Growing up in Baltimore we had a local, family-owned chain of grocery stores, “Mars Supermarket”. I loved Mars. The deli and bakery were top notch and I still get a craving for the donuts made fresh on the weekends. What I remember most about Mars were the deli salads. Macaroni, potato, chicken, tuna… all with many different varieties to choose from. Sadly, a few years ago they sold out to a big chain. On my last trip to Baltimore, I found myself pining with nostalgic heartbreak for the Mars deli. These kind of stores are fading from sight in many towns and it’s a shame because they are treasures.
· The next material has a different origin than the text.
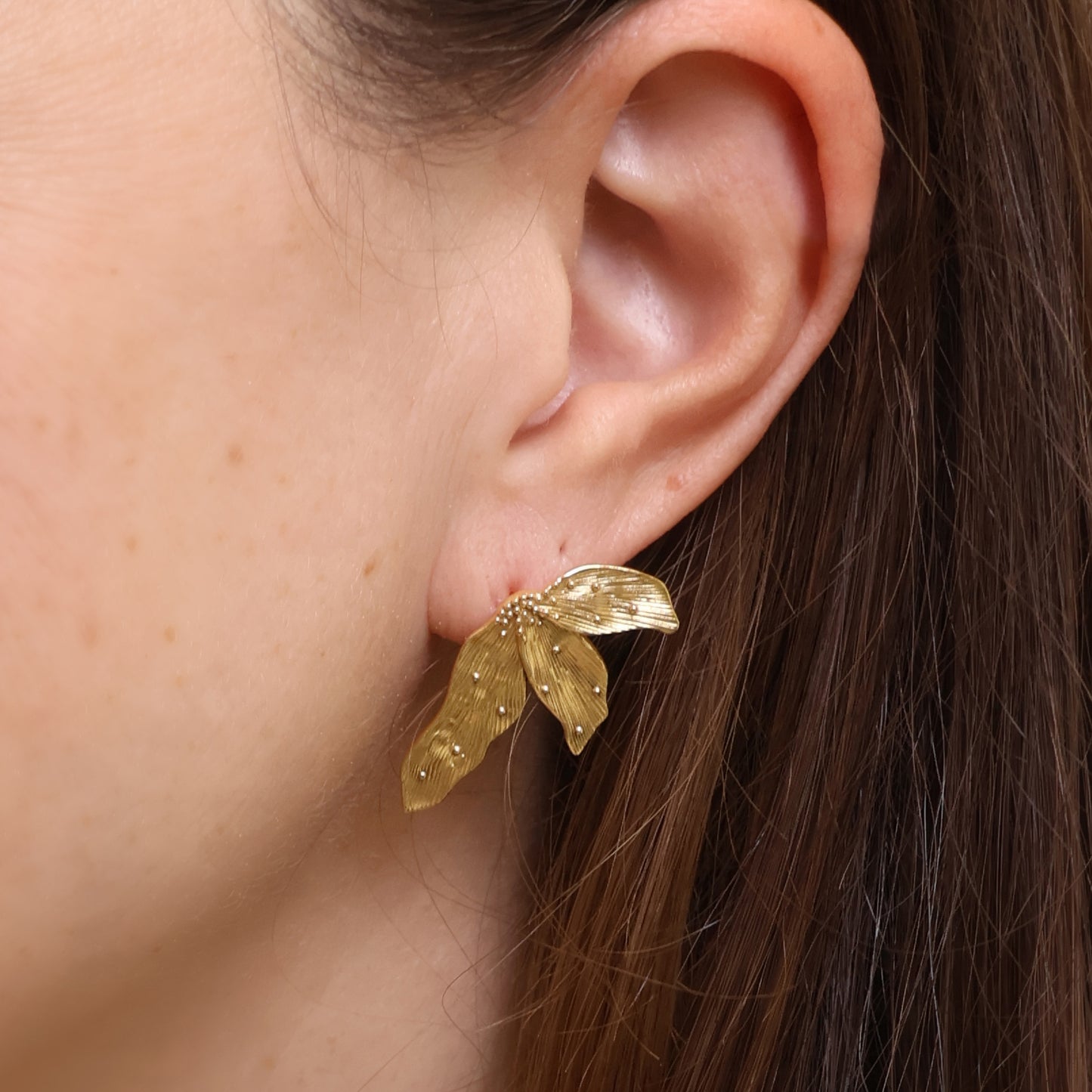 Aureus Gold Plated Textured Leaf Earrings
In Tennessee, we have a similar grocery store that reminds me a lot of Mars. Ingles Market. It represents Knoxville well and it’s my go-to place to shop. Ingles Market doesn’t have a deli or bakery even comparable to Mars, (at least not in my mind) but Ingles has a chicken salad that fulfills the deep longing in my soul when I crave a good old fashioned, country style chicken salad. Ingles chicken salad on a cracker is divine. But, Ingles chicken salad is expensive.
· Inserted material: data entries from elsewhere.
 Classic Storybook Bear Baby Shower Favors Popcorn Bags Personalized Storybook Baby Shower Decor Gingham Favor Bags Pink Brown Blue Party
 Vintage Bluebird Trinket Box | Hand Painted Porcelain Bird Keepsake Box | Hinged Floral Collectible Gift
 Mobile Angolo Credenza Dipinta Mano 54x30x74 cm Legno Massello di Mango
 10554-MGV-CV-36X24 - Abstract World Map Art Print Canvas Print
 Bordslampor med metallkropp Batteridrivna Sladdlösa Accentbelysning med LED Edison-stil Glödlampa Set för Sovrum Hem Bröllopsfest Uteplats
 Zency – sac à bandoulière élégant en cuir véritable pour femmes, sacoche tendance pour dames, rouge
So I set out to make my own for those times we are on a budget. This recipe is a close match. Not quite but very close. I made it with the boiled chicken that I used to make our chicken stock. I used Duke’s mayo. You have to use Duke’s mayo. Everyone has to use Duke’s mayo. I also have added light brown sugar to this recipe in the past, but I prefer it without. But some may prefer that sweet touch. This chicken salad is my homage to those family-owned, local grocery store deli’s. Comforting and delicious.
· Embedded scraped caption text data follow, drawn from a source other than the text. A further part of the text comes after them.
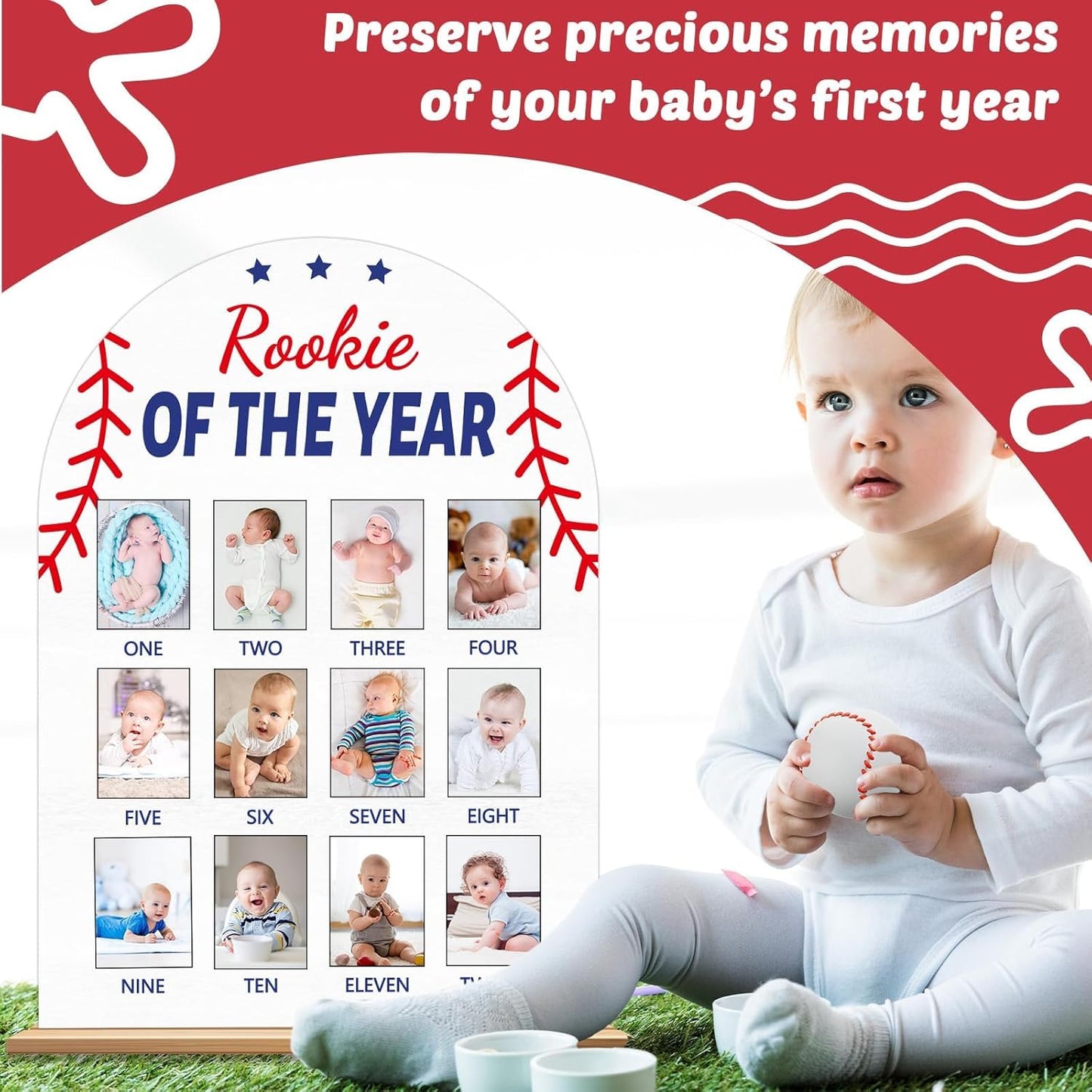 Baseball First Year Photo Board Rookie of the Year Birthday Party Decoration Wooden Board 12 Monthly Milestone Picture Frame Sports 1st Birthday Photo Banner for Baby Boy Keepsake Gift Supply2x2.8In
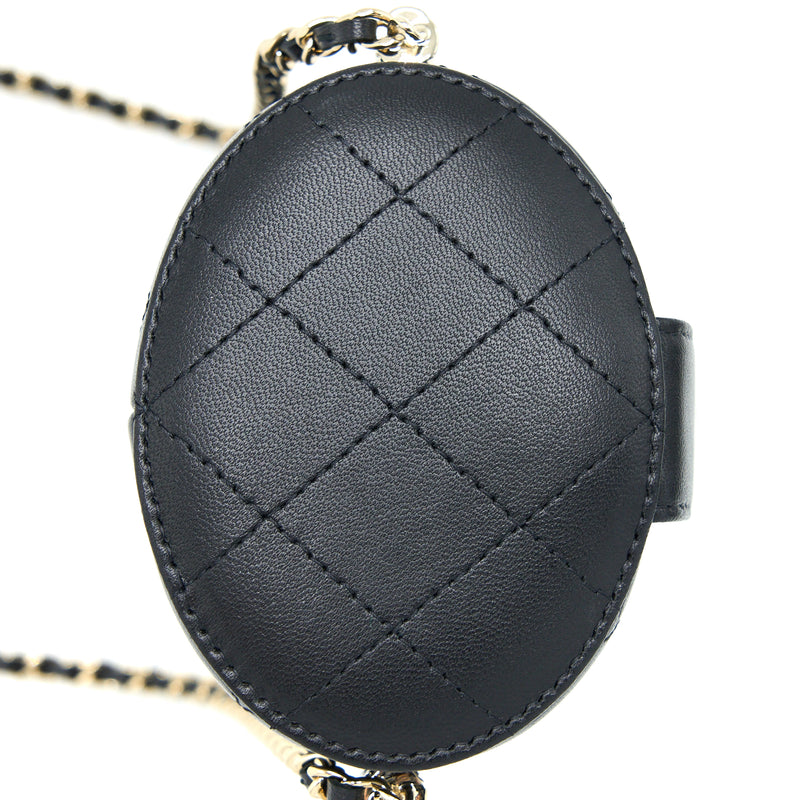 Chanel Round Vanity Case With Chain Lambskin Black LGHW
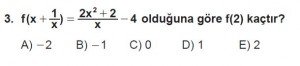 12. Sınıf Matematik kazanım Test 1 soru3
A tablespoon of quality organic buttermilk creates a subtle tang and is the main reason this salad is described as “country style”. The capers add another layer of savory depth, although capers are definitely optional. Tangy, savory and true comfort food on a sunny afternoon or midnight snack.
Country Style Chicken Salad
This chicken salad is my homage to family-owned, local grocery store deli’s. Comforting and delicious. A tablespoon of quality organic buttermilk creates a subtle tang and is the main reason this salad is described as “country style”. The capers add another layer of savory depth, although capers are definitely optional. Tangy, savory and true comfort food on a sunny afternoon or midnight snack.
- 2 cups cooked shredded chicken
- 1/2 yellow onion, finely diced
- 1 stalk of celery finely dice , leaves included
- 2 tbsp capers (optional)
- 1 tbsp good quality buttermilk
- 1/2 cup Duke’s mayonnaise
- 1 tsp sea salt (fine)
- 1 tsp black pepper
- 1 tsp light brown sugar (optional)
- Add onion, celery and capers to chicken.
- Mix in mayo until well moistened.
- Add light brown sugar if desired and mix well.